(Collected data entries)
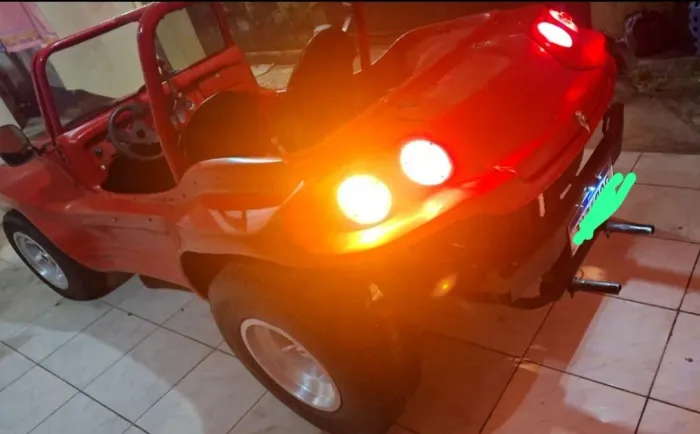 Buggy Buggy 1.6/ Tst/ RS 1.6 4-lug. 1988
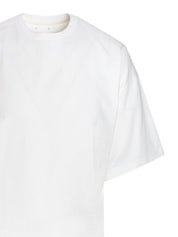 Daphne t-shirt - knitted
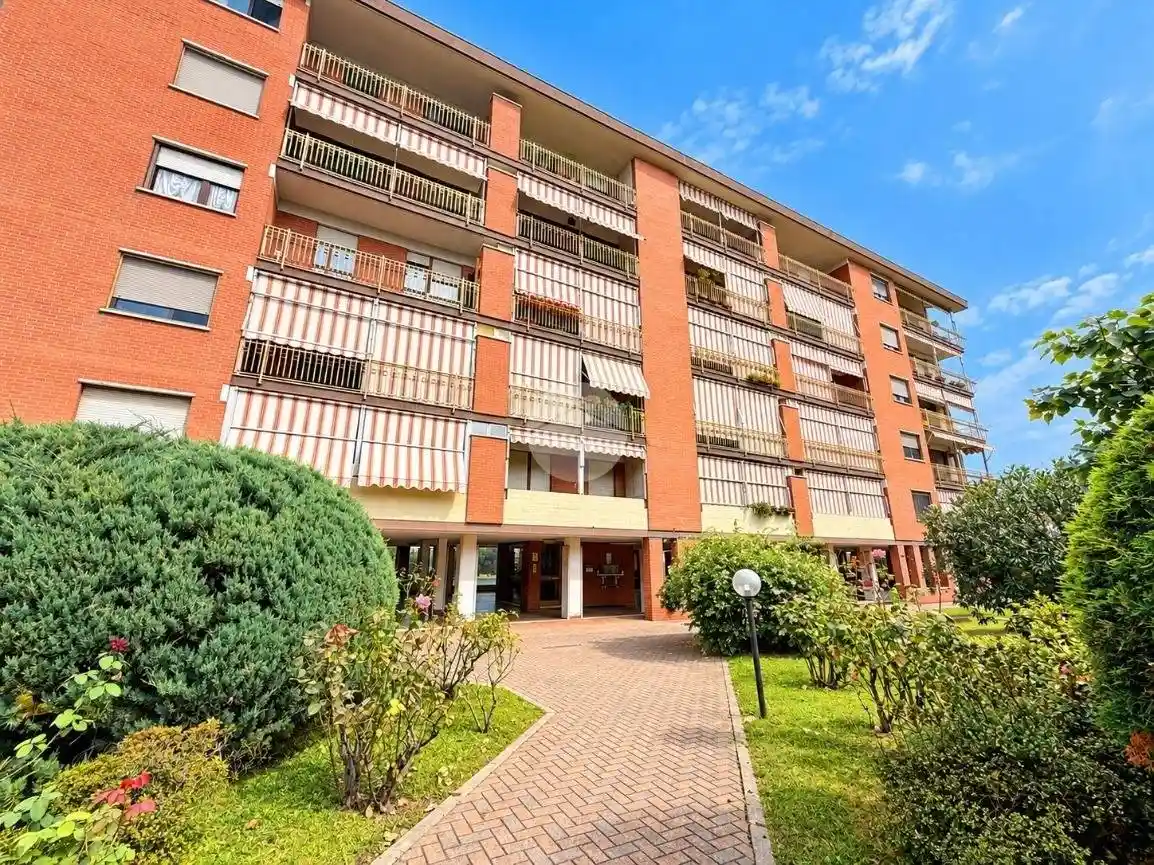 Appartamento in vendita a Settimo Torinese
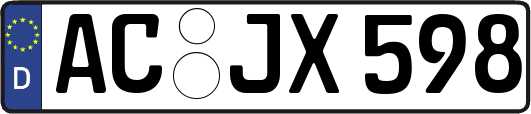 AC-JX598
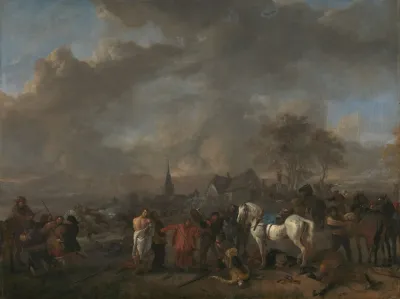 The Victory Of The Peasants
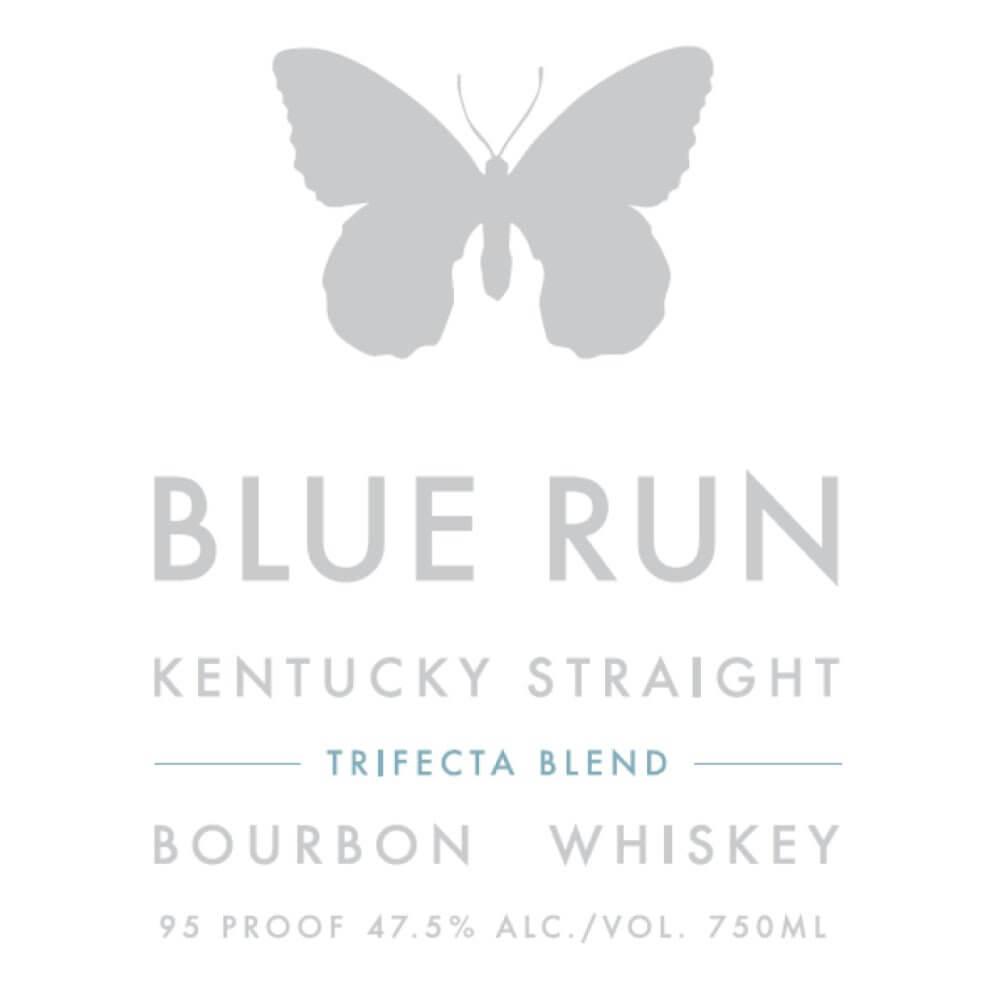 Blue Run Trifecta Blend Kentucky Straight Bourbon - Main Street Liquor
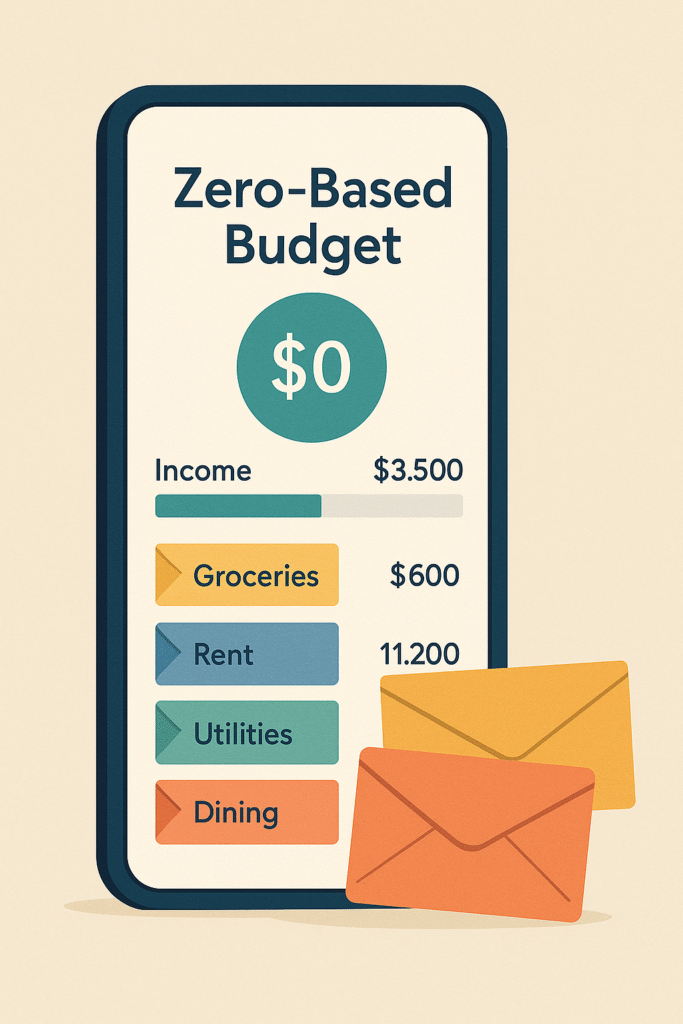 Best Zero Based Budget App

Required action:
A word-for-word transcription of the entries above, free of images, is what is wanted.

Response area:
 Buggy Buggy 1.6/ Tst/ RS 1.6 4-lug. 1988
 Daphne t-shirt - knitted
 Appartamento in vendita a Settimo Torinese
 AC-JX598
 The Victory Of The Peasants
 Blue Run Trifecta Blend Kentucky Straight Bourbon - Main Street Liquor
 Best Zero Based Budget App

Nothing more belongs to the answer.